“Falta creche, curso para os jovens e assistência social de verdade. No posto de saúde, não tem pediatra nem neuropediatra. Muitas crianças com autismo estão sem atendimento.” O desabafo é de Renata Feitosa, moradora da Grota da Nascença, no bairro Tabuleiro dos Martins, em Maceió.

A fala de Renata reflete a realidade de grande parte da população da capital e do estado o acesso a direitos básicos como saúde, educação e assistência social ainda é marcado pela escassez e pela desigualdade. 

Apesar de avanços pontuais, o estado permanece entre os que obtêm os piores resultados no Índice de Progresso Social (IPS) Brasil 2025, divulgado em maio pelo Instituto do Homem e Meio Ambiente da Amazônia (Imazon), em parceria com outras organizações.

Só para se ter uma ideia da estagnação, o Brasil atingiu 61,96 pontos numa escala de 0 a 100 no Índice de Progresso Social (IPS), revelando dificuldades em transformar crescimento econômico em bem-estar social. Alagoas, com 57,70 pontos, ficou na 21ª posição entre os estados, reflexo das desigualdades estruturais que persistem.

 

Alagoas ocupa a 21ª posição entre os estados – Foto: Reprodução

 

No caso da capital alagoana os resultados também não são animadores. Maceió aparece em 25º lugar entre as capitais brasileiras, com 61,48 pontos — praticamente estagnada em relação à edição anterior do índice.

O índice analisa 53 indicadores sociais e ambientais, organizados em três dimensões — Necessidades Humanas Básicas, Fundamentos do Bem-estar e Oportunidades. Esses dados ganham vida nos relatos das periferias, onde a ausência de políticas públicas eficazes é sentida no dia a dia.

 

Maceió aparece em 25º lugar entre as capitais – Foto: Reprodução

 

Avanços pontuais não cobrem ausência dos serviços mais básicos

Renata reconhece avanços em infraestrutura, como drenagem, asfaltamento e escadarias, mas denuncia falhas crônicas no acesso a serviços fundamentais. “Abriram um CRAS aqui, mas falta um ponto de apoio real, com assistência social de verdade”, diz.

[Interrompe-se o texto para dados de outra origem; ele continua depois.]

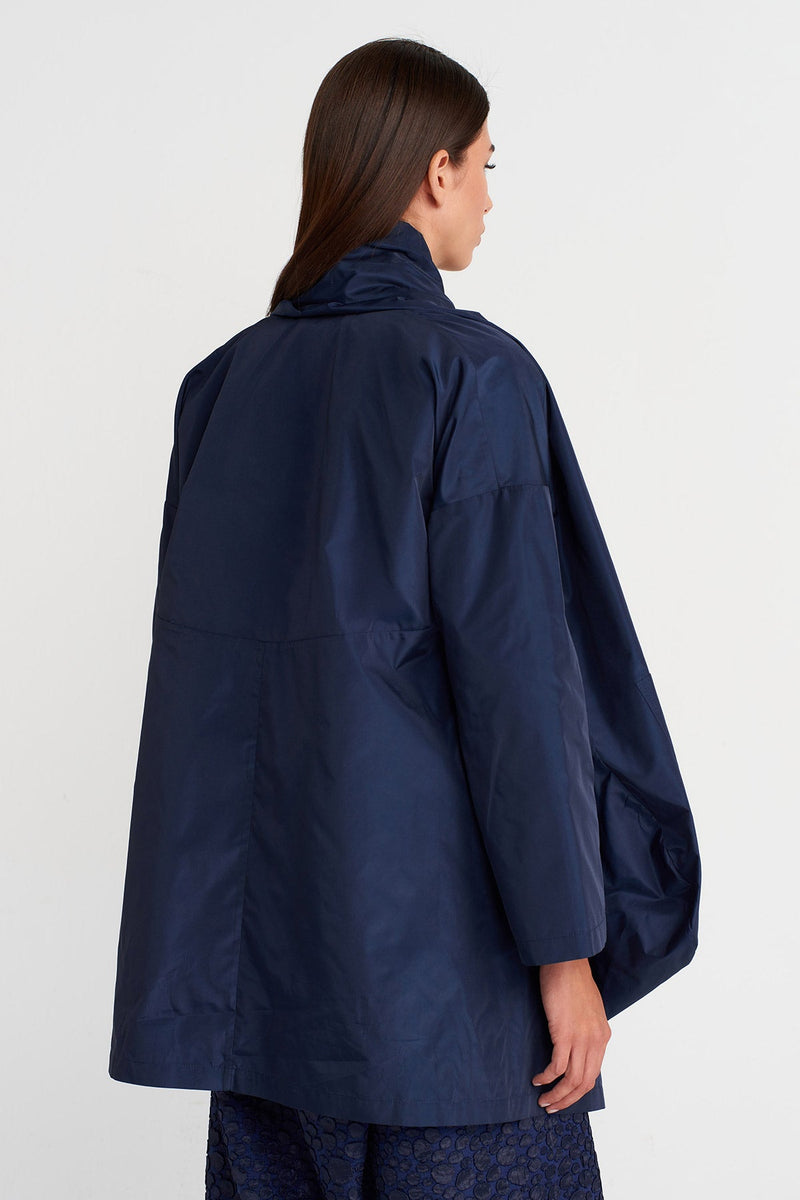 Nu Haori-Inspired Tie Jacket Marine Blue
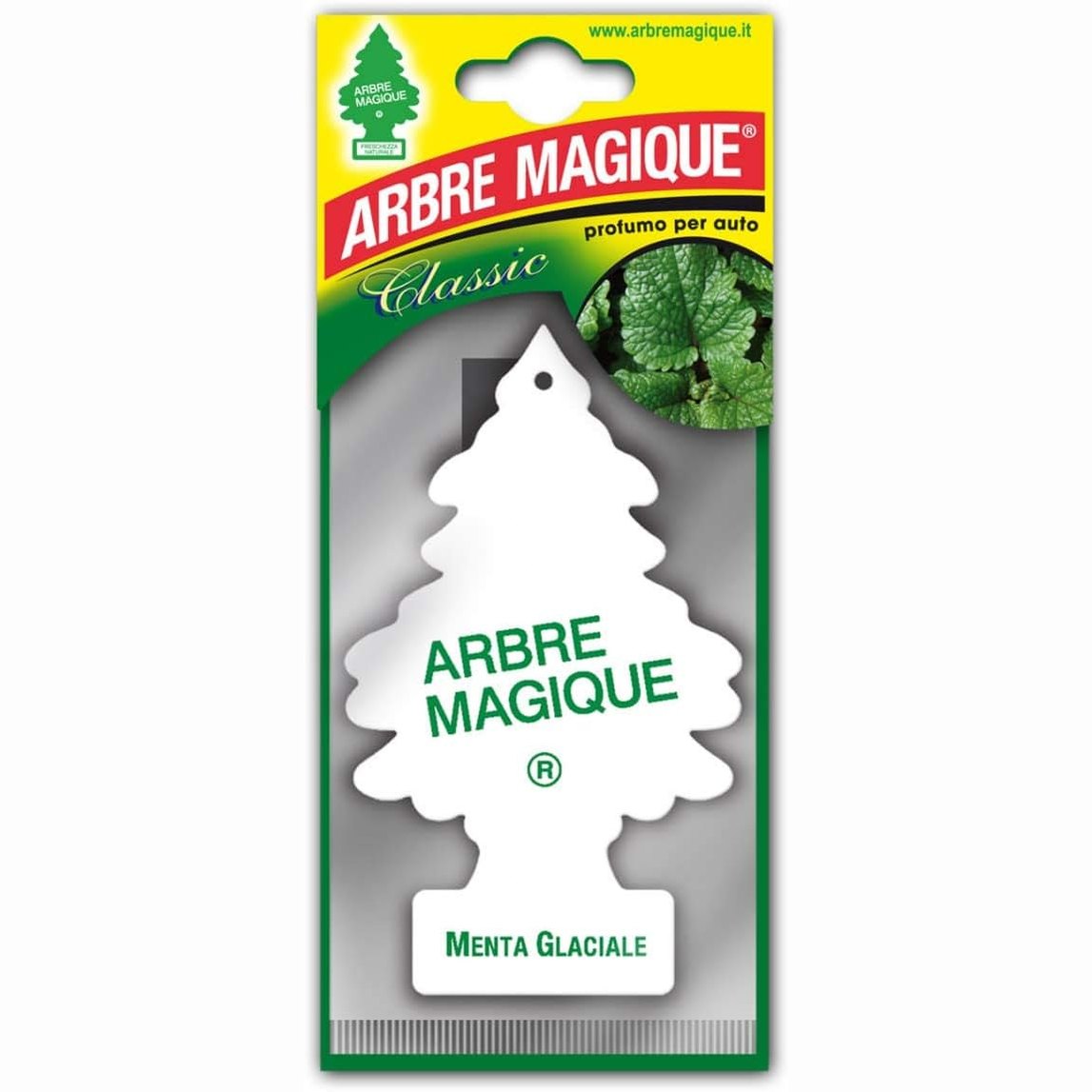 276004 - ARBRE MAGIQUE Mono, aromatizues makinash, aromë menteje akullnajore, zgjat deri në 7 javë, prodhuar në Itali, pako me 1 copë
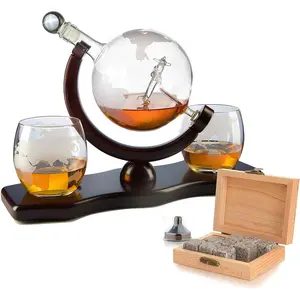 Etched World Decanter Whiskey Globe - Antique Airplane The Wine Savant 850ml, Whiskey Stones and 2 World Map 10 oz Glasses, Pilot Gift Clear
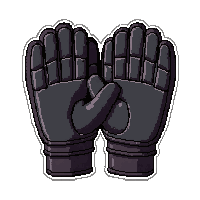 Black Padded Gloves  Grass Stained — free pixel art sprite from Soccer Goalkeeper Gear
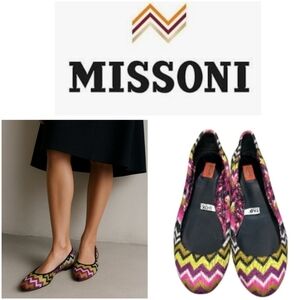Missoni For Target Womens Ballet Flats Size 9.5M Multicolor Chevron Fabric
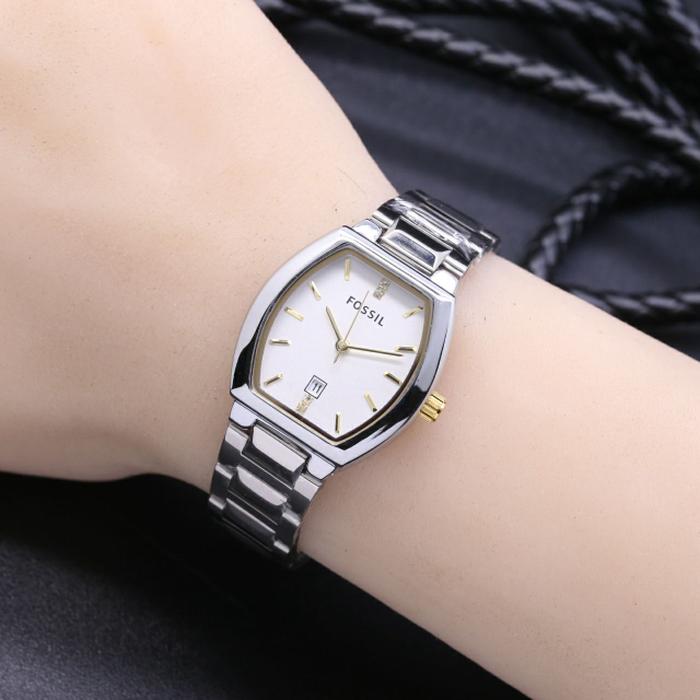 DISKON Jam Tangan Wanita / Cewek Fossil Andini Ladies Rantai Silver White TERMURAH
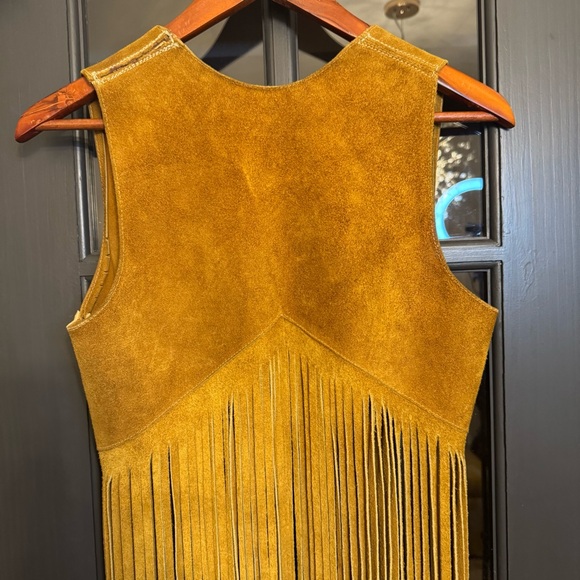 Vintage Suede Leather Fringe Maxi Vest - Picture 3 of 14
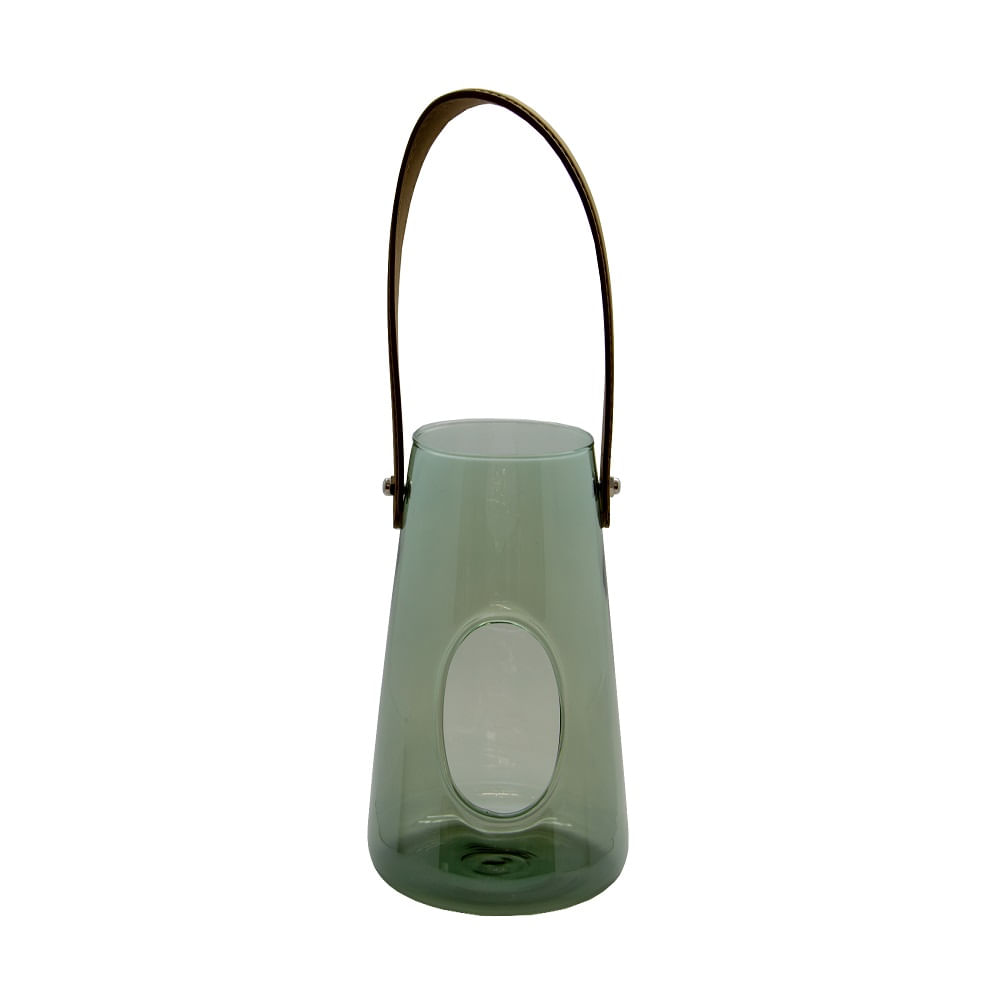 Vaso Decorativo Verde Com Alça De Couro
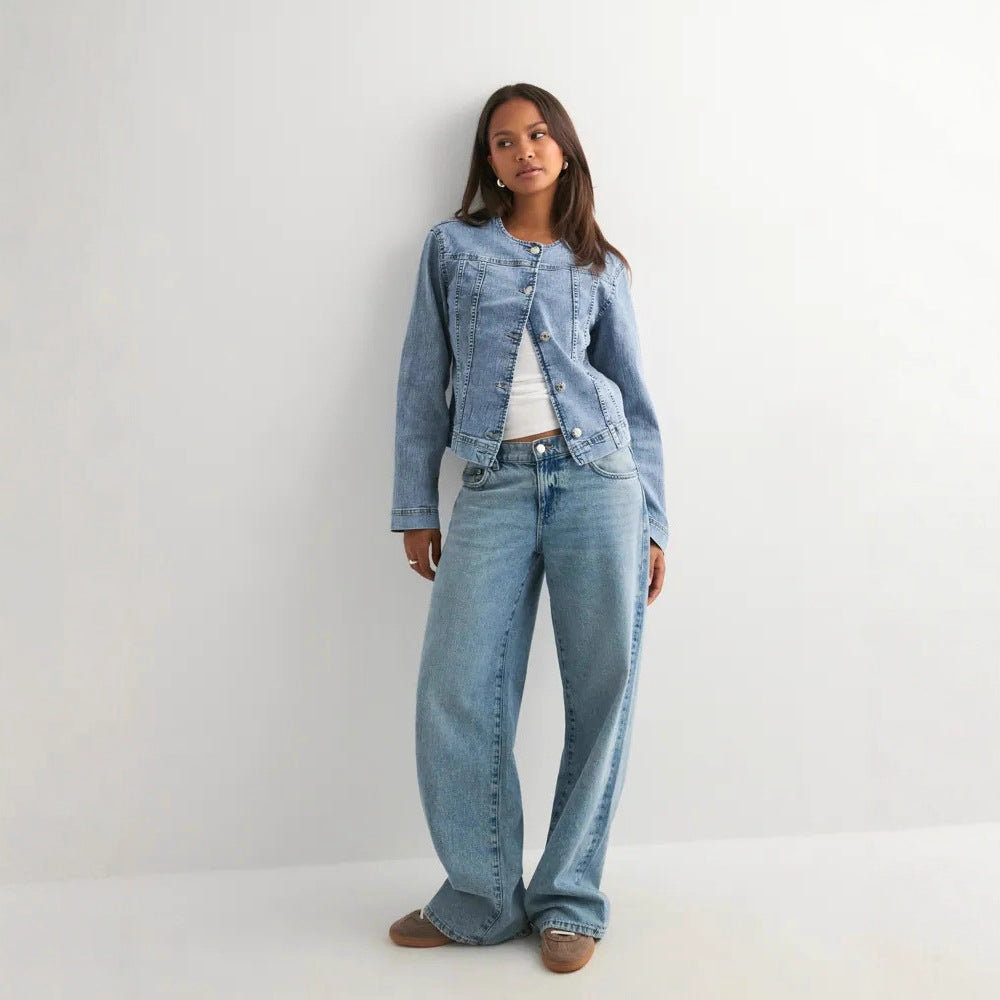 Damen zeitlose Denim-Jacke im modernen Schnitt Drune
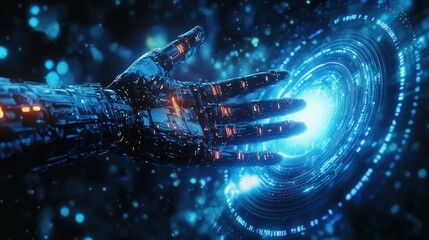Aufkleber - robot hand reaching portal glowing blue futuristic technology cyberpunk connection big data AI machine learning
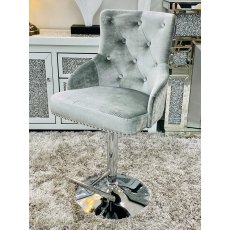 Majestic HQ Silver Fabric Bar Stool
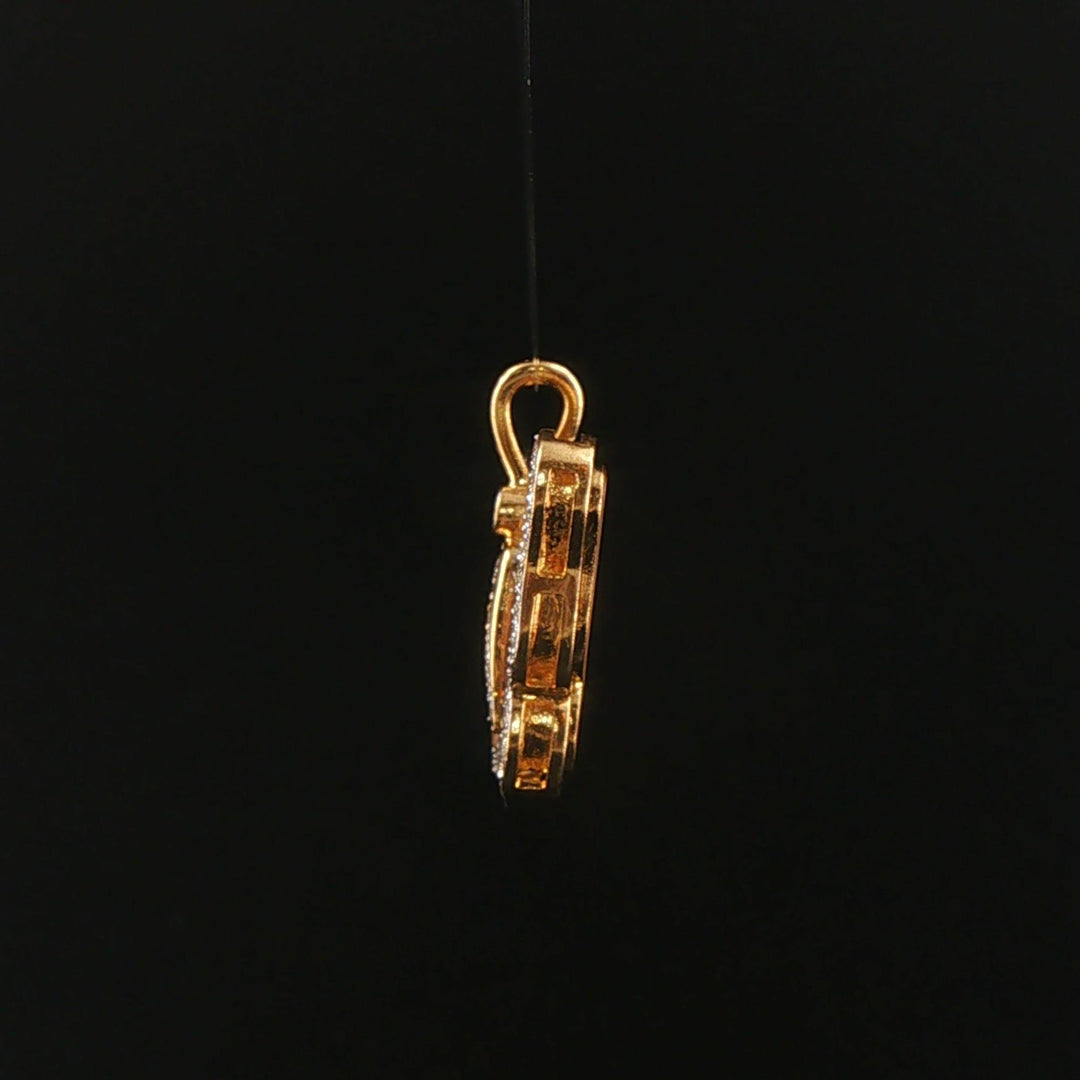 14k Yellow and White Gold Ruby and 0.50cttw Diamond Butterfly Pendant 1"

A moradora da Grota da Nascença ressalta que o posto de saúde local precisa de profissionais especializados para atender a crescente demanda infantil, especialmente crianças com autismo.

 

Renata Feitosa, moradora da Grota da Nascença – Foto: Arquivo pessoal

 

Na comunidade da Muvuca, no complexo lagunar de Maceió, a agente popular Jany Dayse confirma que as melhorias são insuficientes. Essa região, às margens da Lagoa Mundaú, reúne quatro favelas: Muvuca, Sururu, Peixe e Mundaú.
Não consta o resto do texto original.